**What you will do:**
Skip pictures in the listing below; copy exactly the lines from the one with "Zym Flower - 250ml" through the one with "Dustin Johnson Doin It! - Part 6", inclusive.

**Exercise materials:**

=== Section Start ===

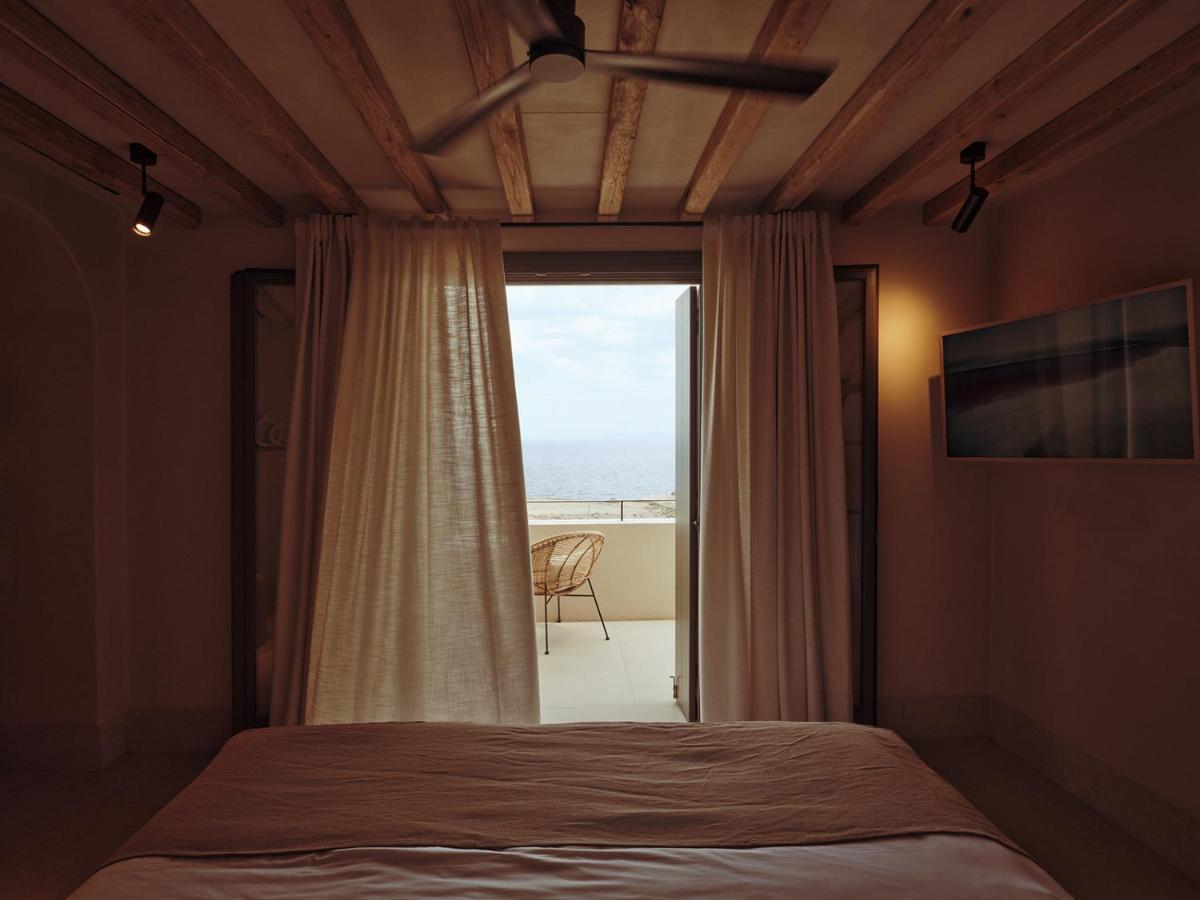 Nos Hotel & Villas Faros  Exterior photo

=== Section End ===
=== Section Start ===

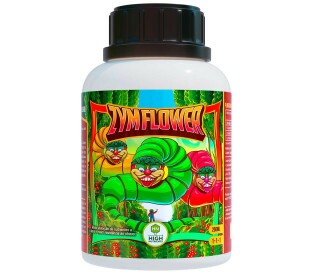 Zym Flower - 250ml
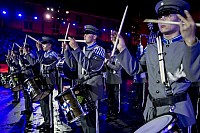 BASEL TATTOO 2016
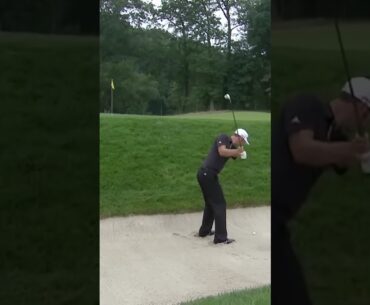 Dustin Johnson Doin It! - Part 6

=== Section End ===

**Answer to the exercise:**
 Zym Flower - 250ml
 BASEL TATTOO 2016
 Dustin Johnson Doin It! - Part 6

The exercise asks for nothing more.